Muhteşem ve anıtsal giriş kapıları bulunan Dolmabahçe Sarayı, otuz birinci Osmanlı padişahı Sultan Abdülmecit tarafından yaptırılmıştır. Yapımına 13 Haziran 1843 tarihinde başlanan Saray, çevre duvarlarının tamamlanması ile birlikte 7 Haziran 1856 tarihinde kullanıma açılmıştır. Saray’ın ana yapısı; Mabeyn-i Hümayun yani Selamlık, Muayede ya da Tören Salonu ve Harem-i Hümayun adlarını taşıyan üç bölümden oluşur.
Sarayın göz alıcı bahçeleri, saraylar kompleksinin ön, arka ve yan cephelerini kapsamaktadır. Bir dereceye kadar Fransız barok bahçe düzenlemelerini anımsatmaktadır. Hele, parmaklıklardan görülen görkemli boğaz manzarası ile saray birleşince, kendimizi, cennetin bir köşesinde bulunduğumuz duygusuna kaptırırsınız. Benim için böyle oldu.
Saraylar, kasırlar ve köşklerdeki tören salonlarına Muayede Salonu denilmekteydi. Dolmabahçe Sarayı’nın Tören Salonu gerçekten ihtişamlı bir yerdir ve insanın ağzını bir karış açık bırakabilir. 56 adet sütun tarafından çevresi sarılmış olan salon 40×45 metre boyutlarındadır. Bir başka deyişle, 1800 metrekarelik bir alana sahiptir.
Muayede salonun dört köşesinde birer oda bulunmaktadır.
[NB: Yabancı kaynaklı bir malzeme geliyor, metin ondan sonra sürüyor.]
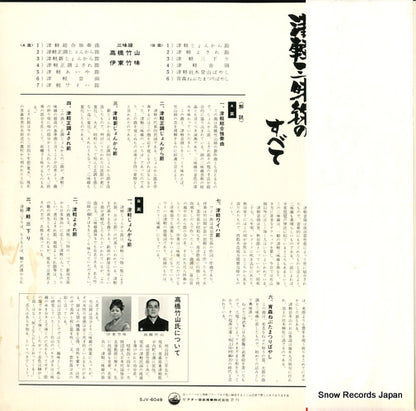 SJV-6049 back cover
Boğaziçi tarafından girişi olan ve bahçe ile Boğaziçi’ne bakan üst kattaki oda, padişahların törenden öncesi ve sonrası dinlendikleri yerdir. Soldakinin ise ayrı bir özelliği vardır. II. Abdülhamit burada kendisi için bazı ilaveler yaptırmış.
Dışarıya bir kapı açtırarak, tören sonrası kendisini Yıldız Sarayı’na en kısa yoldan götürülmesini sağlayacak merdiven ekletmiştir.
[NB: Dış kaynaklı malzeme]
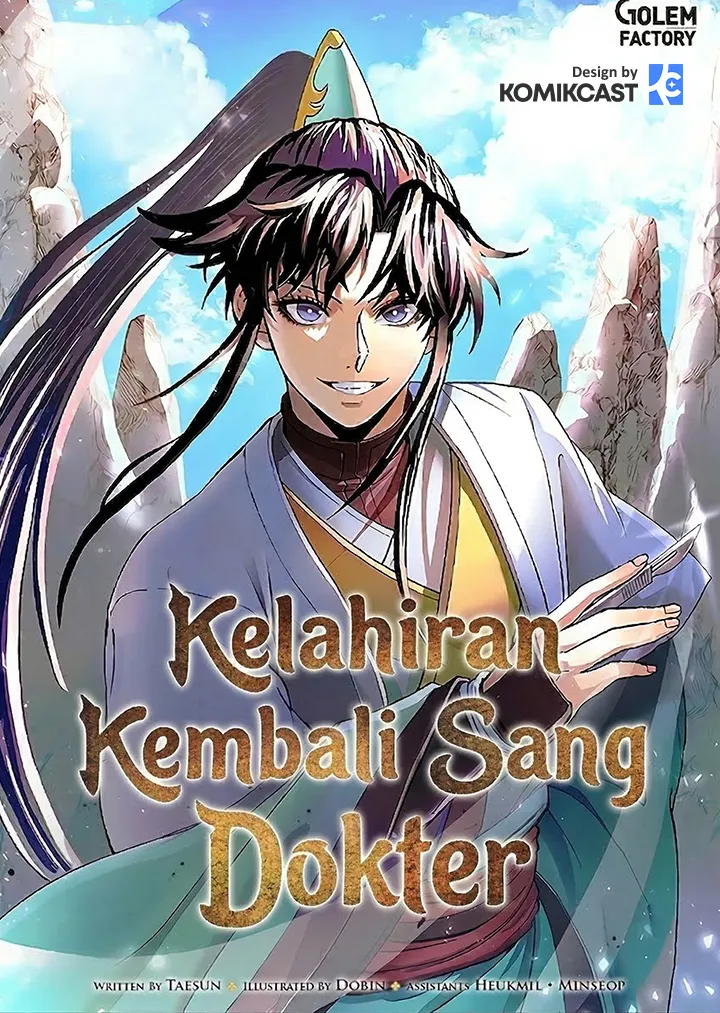 Doctor’s Rebirth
Tahta çıktıktan 236 gün sonra Yıldız Sarayı’na taşınan II. Abdülhamit bayram törenleri için yılda iki defa Dolmabahçe’ye geliyor, törenden hemen sonra da bu yan kapıdan arabasına binerek sessizce ayrılıp Yıldız Sarayı’na gidiyordu.
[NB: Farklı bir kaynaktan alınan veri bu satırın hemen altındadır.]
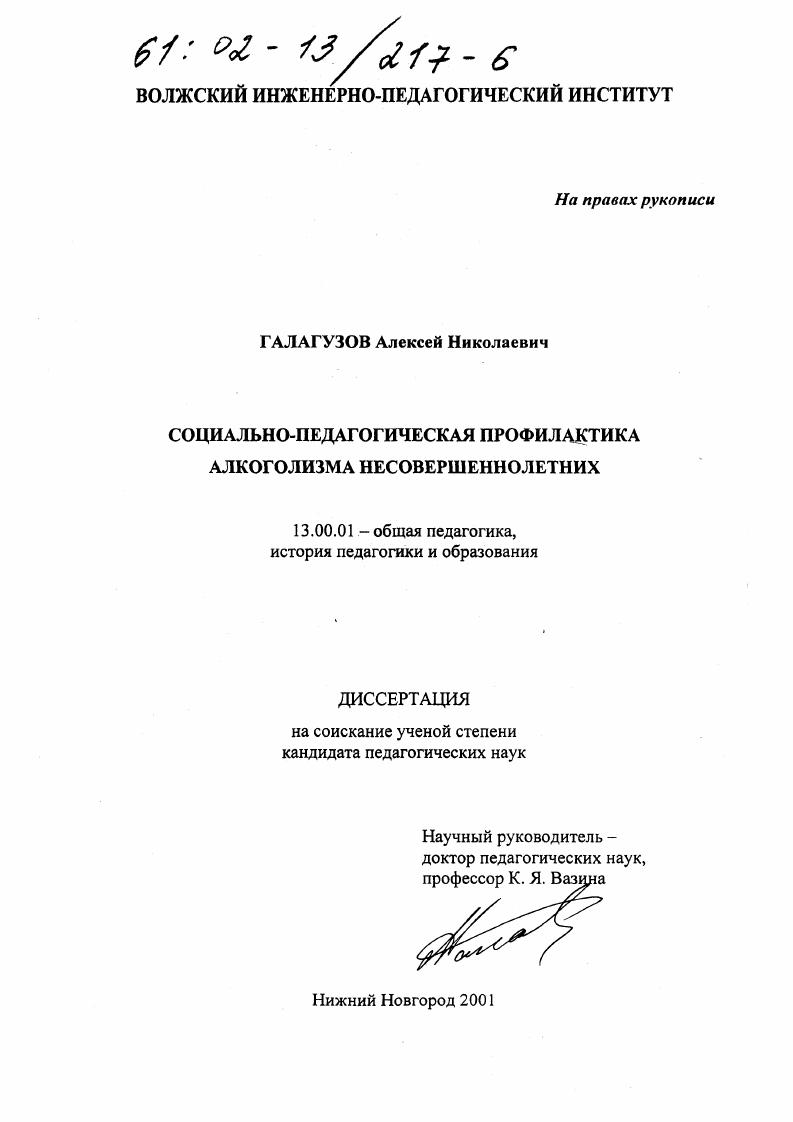 Социально-педагогическая профилактика алкоголизма несовершеннолетних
İnsanın ağzını açıkta bırakacak kadar ihtişamlı olan Tören Salonu’nun tavanı bin bir renkli süsleme ile gökyüzünde melekler ve çiçekler dünyasına geniş bir pencere açmış gibidir.
Tavanın ortasından sarkan 4,5 ton ağırlığındaki İngiltere’den özel siparişle getirtilen muhteşem avizede 750 mum kullanılmaktadır. Onun gökkuşağı renkleriyle bir yağmur gibi inen aydınlığına, salonun 4 köşesinden, sütunlar üstündeki 4 büyük kristal avize yardımcı olmaktadır.
Duvarların üzerinde tavana çıkan boşluklara yerleştirilmiş 4 geniş balkon davetlilere, diplomatlara ve saray orkestrasına ayrılmıştır. Parmaklıklı kafesli pencerelerden ise harem kadınlarının törenleri izlemesi sağlanmıştı.
Sultan Abdülmecit Topkapı’dan Dolmabahçe’ye geçtikten sonra, Osmanlı Padişahları Tahta çıkma, Bayram törenleri ve diğer önemli kabulleri, göz kamaştıran Dolmabahçe Muayede Salonu’nda yapmaya başlamışlardı.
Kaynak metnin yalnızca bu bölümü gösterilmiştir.